Perhaps you might consider using a scripting language (e.g. ruby, python, perl, &c...), as they generally excel in these areas? |
Author: | Icharus [ Thu Aug 06, 2009 2:04 pm ] |
Post subject: | Re: Word-count |
Gianni, If you're not careful, you'll have people saying I'm just difficult ![]() I'm trying to really get familiar with the inner workings of the computer, simultaneously, I'm working on developing a habit of elegant and reusable code. It can be done in C. The friend who gave me this assignment showed me his library.
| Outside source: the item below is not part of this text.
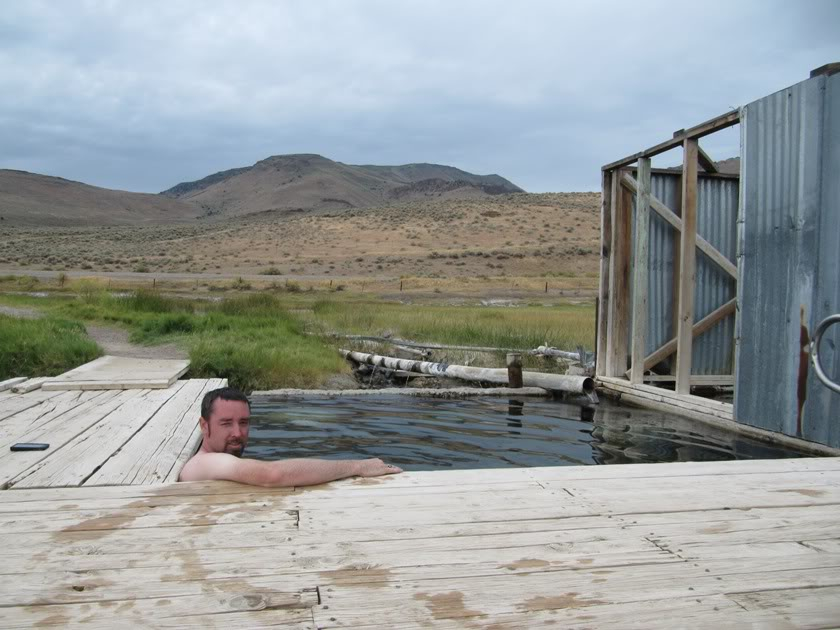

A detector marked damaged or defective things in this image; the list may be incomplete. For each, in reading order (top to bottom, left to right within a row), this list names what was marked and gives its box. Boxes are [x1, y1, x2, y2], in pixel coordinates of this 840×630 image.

rusty metal panel [736, 73, 840, 450]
It's awe-inspiring. |
Author: | gianni [ Thu Aug 06, 2009 2:30 pm ] |
Post subject: | Re: Word-count |
Icharus @ Thu Aug 06, 2009 2:04 pm wrote: Gianni,
If you're not careful, you'll have people saying I'm just difficult ![]() I'm trying to really get familiar with the inner workings of the computer, simultaneously, I'm working on developing a habit of elegant and reusable code. It can be done in C. The friend who gave me this assignment showed me his library. It's awe-inspiring. Do it up! Also, I'll have to show you some Ruby code, you might just poop yourself because it's so elegant! |
Author: | wtd [ Fri Aug 07, 2009 1:29 am ] |
Post subject: | RE:Word-count |
And my friend, ruby.h, would like to point out that C and high-level scripting languages are not mutually exclusive. |